The species was first described by Samuel L. Mitchill, M.D. in Transactions of the Literary and Philosophical Society of New York (1815) as the "trigger file-fish," Balistes sufflamen. The fish is dove- or ash-colored with a body fourteen inches long and five inches deep, excluding the dorsal fin, which can be collapsed into a furrow along the spine. The three spines on the first dorsal fin resemble the lock of a gun, with the rostral spine being the gun cock, and the caudal spine being the trigger. Canthidermis sufflamen has large, light brown eyes and frequently has darker colored areas at the bases of the pectoral fins and between the dorsal and anal fins. The darkness of the spot at the base of the pectoral fin has been noted to vary in individuals from different geographic regions.

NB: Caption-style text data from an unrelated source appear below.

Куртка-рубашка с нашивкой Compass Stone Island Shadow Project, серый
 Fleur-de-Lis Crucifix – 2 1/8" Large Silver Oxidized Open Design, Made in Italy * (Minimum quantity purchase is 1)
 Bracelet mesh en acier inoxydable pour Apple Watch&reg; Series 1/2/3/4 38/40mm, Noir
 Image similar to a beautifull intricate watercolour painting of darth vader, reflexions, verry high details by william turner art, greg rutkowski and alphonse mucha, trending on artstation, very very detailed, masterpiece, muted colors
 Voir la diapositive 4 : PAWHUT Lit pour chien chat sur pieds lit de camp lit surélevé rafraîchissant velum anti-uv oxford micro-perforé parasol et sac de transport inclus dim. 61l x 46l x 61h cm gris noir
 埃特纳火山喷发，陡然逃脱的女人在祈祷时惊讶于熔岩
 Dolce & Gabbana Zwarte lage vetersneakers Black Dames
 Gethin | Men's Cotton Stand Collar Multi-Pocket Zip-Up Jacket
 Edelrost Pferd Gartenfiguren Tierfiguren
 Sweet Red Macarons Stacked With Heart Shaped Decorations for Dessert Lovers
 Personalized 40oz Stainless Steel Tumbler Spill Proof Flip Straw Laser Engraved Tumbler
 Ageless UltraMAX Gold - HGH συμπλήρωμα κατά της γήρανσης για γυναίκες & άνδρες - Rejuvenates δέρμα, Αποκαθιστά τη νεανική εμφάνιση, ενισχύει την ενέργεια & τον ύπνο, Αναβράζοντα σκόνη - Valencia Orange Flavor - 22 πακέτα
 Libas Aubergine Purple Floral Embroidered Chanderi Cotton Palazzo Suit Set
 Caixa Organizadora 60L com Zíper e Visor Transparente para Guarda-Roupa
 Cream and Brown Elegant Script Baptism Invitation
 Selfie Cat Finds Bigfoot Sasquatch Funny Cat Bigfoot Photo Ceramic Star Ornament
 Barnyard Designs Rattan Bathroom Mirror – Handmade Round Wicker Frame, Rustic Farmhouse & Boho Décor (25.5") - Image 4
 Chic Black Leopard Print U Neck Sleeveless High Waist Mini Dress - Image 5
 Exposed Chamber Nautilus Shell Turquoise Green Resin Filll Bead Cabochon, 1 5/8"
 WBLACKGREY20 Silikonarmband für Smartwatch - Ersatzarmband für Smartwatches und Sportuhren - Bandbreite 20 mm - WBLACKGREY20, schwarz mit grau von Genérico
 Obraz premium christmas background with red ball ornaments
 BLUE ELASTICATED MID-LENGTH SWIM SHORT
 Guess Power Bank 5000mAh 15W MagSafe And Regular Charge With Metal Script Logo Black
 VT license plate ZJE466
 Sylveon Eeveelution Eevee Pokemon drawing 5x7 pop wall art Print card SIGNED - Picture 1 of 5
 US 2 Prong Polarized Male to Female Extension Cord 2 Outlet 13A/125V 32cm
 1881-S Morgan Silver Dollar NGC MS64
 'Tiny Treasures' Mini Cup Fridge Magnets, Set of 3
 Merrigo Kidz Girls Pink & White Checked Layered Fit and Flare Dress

According to meristic data in a 2003 NOAA Technical Memorandum, the ocean triggerfish has seven precaudal and eleven caudal vertebrae, for a total vertebral count of eighteen. The first dorsal fin has three spines, the second dorsal fin has between 25 and 28 rays (mode: 27), the anal fin has between 23 and 25 rays (mode: 24), the pectoral fins have either fifteen or sixteen rays each (mode: 15), and the caudal fin has twelve rays. The pelvic fin in this species is rudimentary and has been reduced to a single rayless tubercle.

== Ecology ==

=== Diet ===

The diet of the ocean triggerfish is composed of a wide variety of invertebrates, including soft corals, hydroids, zooplankton, small shrimp and crabs, benthic gastropods and bivalves, pelagic jellyfish, sea stars, sea cucumbers, and sea urchins.

=== Predation ===

This species is considered extremely useful for ecosystem management in the Canary Islands because it preys on sea urchins (Diadema aff. antillarum) that can otherwise alter benthic communities in this region.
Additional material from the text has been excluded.